La mémoire fonctionne grâce à plusieurs systèmes différents.

La mémoire à long terme concerne les informations que nous avons mémorisées.

En début de maladie, ce sont d’abord les faits récents qui ne sont plus traités, et donc oubliés.
Puis, il y aura un processus d’effacement des souvenirs, remontant petit à petit l’histoire de la personne et les évènements survenus tout au long de sa vie.

La mémoire à long terme est constituée de deux entités :

  • La mémoire épisodique, qui va correspondre aux évènements de notre histoire personnelle. Par exemple, la personne oubliera d’abord la naissance de son dernier petit-enfant, puis le mariage de son fils, et enfin la naissance de son propre enfant. On retrouve souvent un maintien des souvenirs de la petite enfance.
  • La mémoire sémantique qui, elle, est constituée de connaissances apprises.
    Ainsi, on se souvient du nom des capitales de pays, même si nous ne les avons pas visités.

Certains souvenirs seront préservés de tout oubli, d’autres disparaîtront rapidement.
Cela est différent pour chaque malade. Il est parfois déroutant de voir que certains éléments restent vivaces.

Cette perte de mémoire entraîne chez la personne une pseudo-réalité qui n’est pas la nôtre.

Si elle a perdu 20 ans de souvenirs, elle se croit 20 ans plus jeune et dans le quotidien qui était le sien à cette époque là. C’est ce qui peut expliquer des demandes qui peuvent nous sembler délirante. Comme le phénomène d’oubli poursuit son œuvre, on voit la personne modifier sa perception de sa réalité au fil de la maladie.

La mémoire de travail nous permet de garder en mémoire des informations pour une utilisation immédiate : faire un numéro de téléphone, se souvenir devant le placard de ce qu’on était venu chercher, etc.

Elle est normalement très fragile.

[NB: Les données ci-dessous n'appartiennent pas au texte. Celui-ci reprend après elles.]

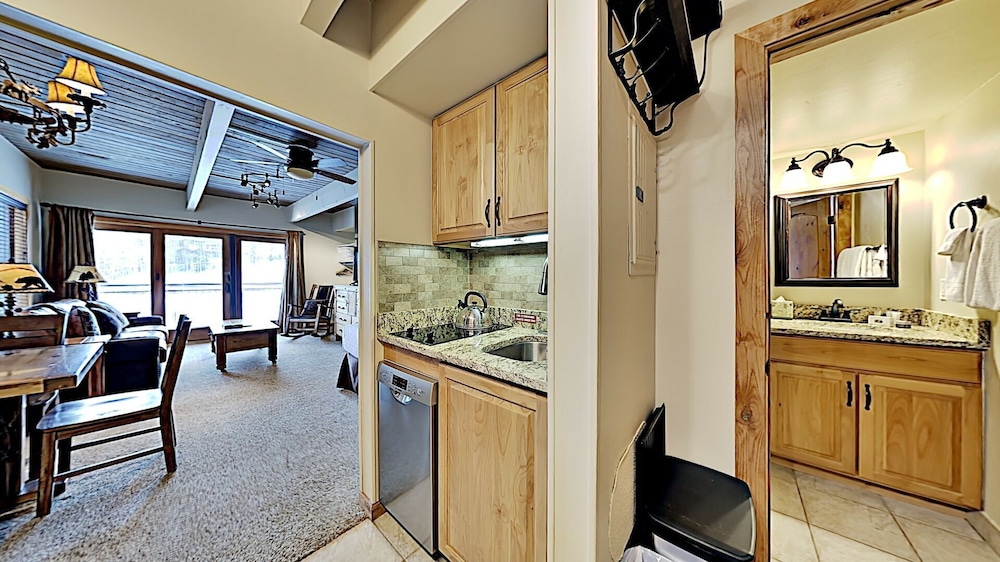 Timberline Condominiums 55/81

Si quelqu’un nous demande quelque chose alors que nous sommes en train de faire un numéro de téléphone, cela nous déconcentre et le numéro est définitivement perdu. Elle est de court terme et limitée en nombre d’informations. Nous savons qu’une personne normale peut, en moyenne, maintenir dans cette mémoire entre 5 et 9 informations différentes. Dans la maladie elle devient encore plus petite, on descend à 2 ou 3 éléments, et chez certains malades à 0. C’est ce que l’on appelle un oubli à mesure.
A la fin de la phrase, la personne a oublié ce qu’on vient de lui dire.

C’est un phénomène qui rend l’accompagnement particulièrement difficile.
Toutes les malades ne subissent pas une destruction aussi importante de la mémoire de travail.

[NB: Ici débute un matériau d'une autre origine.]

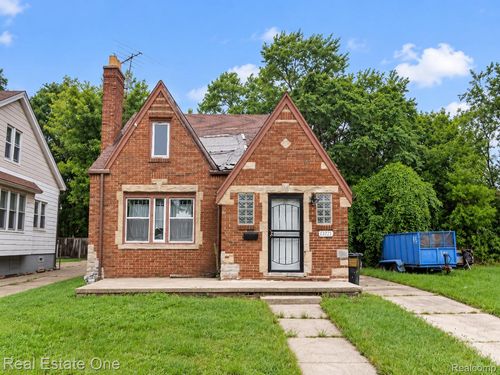 12105 Sanford St, Detroit, MI, 48205-4700 | Card Image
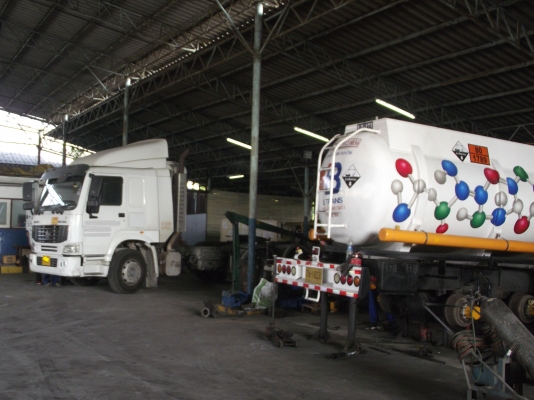 ขายรถSINOTRUK สภาพเหมือนใหม่ พร้อมอะไหล่และศูนย์บริการ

La mémoire procédurale correspond à l’automatisation d’un apprentissage.
Souvent on ignore que l’on fait appel à cette mémoire. C’est elle qui intervient dans l’apprentissage du vélo par exemple.
C’est aussi une mémoire qui s’inscrit dans le corps. Elle est très solide.
Ne dit-on pas que lorsqu’on a appris à faire de la bicyclette, que cela ne s’oublie pas…
Ces apprentissages perdurent longtemps. On peut faire appel à cette mémoire procédurale même à un stade évolué de la maladie. De nouveaux automatismes, simples, peuvent chez certains patients être mis en place.